Titel: Allgemeines Verwaltungsgesetz für das Land Schleswig-Holstein (Landesverwaltungsgesetz - LVwG)
Normgeber: Schleswig-Holstein
Amtliche Abkürzung: LVwG
Gliederungs-Nr.: 20-1
Normtyp: Gesetz

(1) Bei Anträgen und Eingaben, die in einem Verwaltungsverfahren von mehr als 50 Personen auf Unterschriftslisten unterzeichnet oder in Form vervielfältigter gleich lautender Texte eingereicht worden sind (gleichförmige Eingaben), gilt für das Verfahren diejenige Unterzeichnerin oder derjenige Unterzeichner als Vertreterin oder Vertreter der übrigen Unterzeichnerinnen und Unterzeichner, die oder der darin mit Namen, Beruf und Anschrift als Vertreterin oder Vertreter bezeichnet ist, soweit sie oder er nicht von ihnen als Bevollmächtigte oder Bevollmächtigter bestellt worden ist. Vertreterin oder Vertreter kann nur eine natürliche Person sein.
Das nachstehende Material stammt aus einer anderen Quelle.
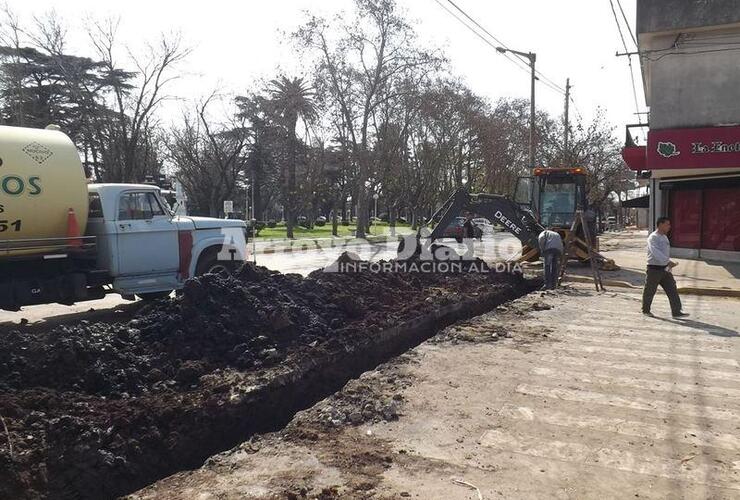 Trabajos similares. En lo que va de las últimas semanas ya se realizó el reemplazo de caños en distintos sectores de la ciudad.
(2) Die Behörde kann gleichförmige Eingaben, die die Angaben nach Absatz 1 Satz 1 nicht deutlich sichtbar auf jeder mit einer Unterschrift versehenen Seite enthalten oder dem Erfordernis des Absatzes 1 Satz 2 nicht entsprechen, unberücksichtigt lassen. Will die Behörde so verfahren, so hat sie dies durch örtliche Bekanntmachung mitzuteilen. Die Behörde kann ferner gleichförmige Eingaben insoweit unberücksichtigt lassen, als Unterzeichnerinnen oder Unterzeichner ihren Namen oder ihre Anschrift nicht oder unleserlich angegeben haben.
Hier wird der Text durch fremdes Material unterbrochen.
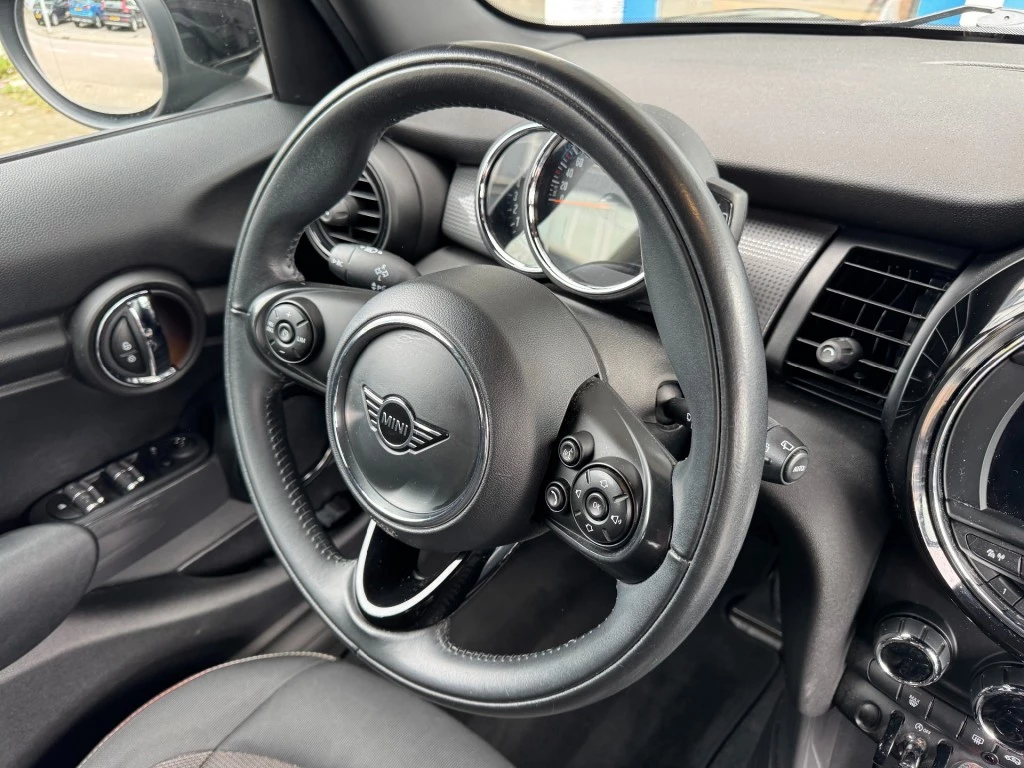 Hoofdafbeelding MINI 5-deurs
(3) Die Vertretungsmacht erlischt, sobald die Vertreterin oder der Vertreter oder die oder der Vertretene dies der Behörde schriftlich erklärt; die Vertreterin oder der Vertreter kann eine solche Erklärung nur hinsichtlich aller Vertretenen abgeben. Gibt die oder der Vertretene eine solche Erklärung ab, so soll sie oder er der Behörde zugleich mitteilen, ob sie oder er die Eingabe aufrechterhält und ob sie oder er eine Bevollmächtigte oder einen Bevollmächtigten bestellt hat.
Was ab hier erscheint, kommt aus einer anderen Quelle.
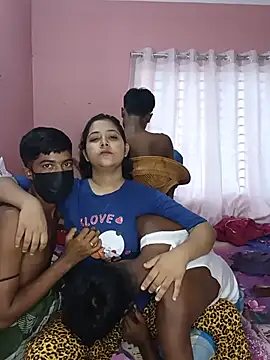 Snapshot of CoupleShow_432 chatting on June 2026 09:27:01 AM CoupleShow 432 online show from June 2026 09:27:01 AM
(4) Endet die Vertretungsmacht der Vertreterin oder des Vertreters, so kann die Behörde die nicht mehr Vertretenen auffordern, innerhalb einer angemessenen Frist eine gemeinsame Vertreterin oder einen gemeinsamen Vertreter zu bestellen. Sind mehr als 300 Personen aufzufordern, so kann die Behörde die Aufforderung örtlich bekannt machen. Wird der Aufforderung nicht fristgemäß entsprochen, so kann die Behörde von Amts wegen eine gemeinsame Vertreterin oder einen gemeinsamen Vertreter bestellen.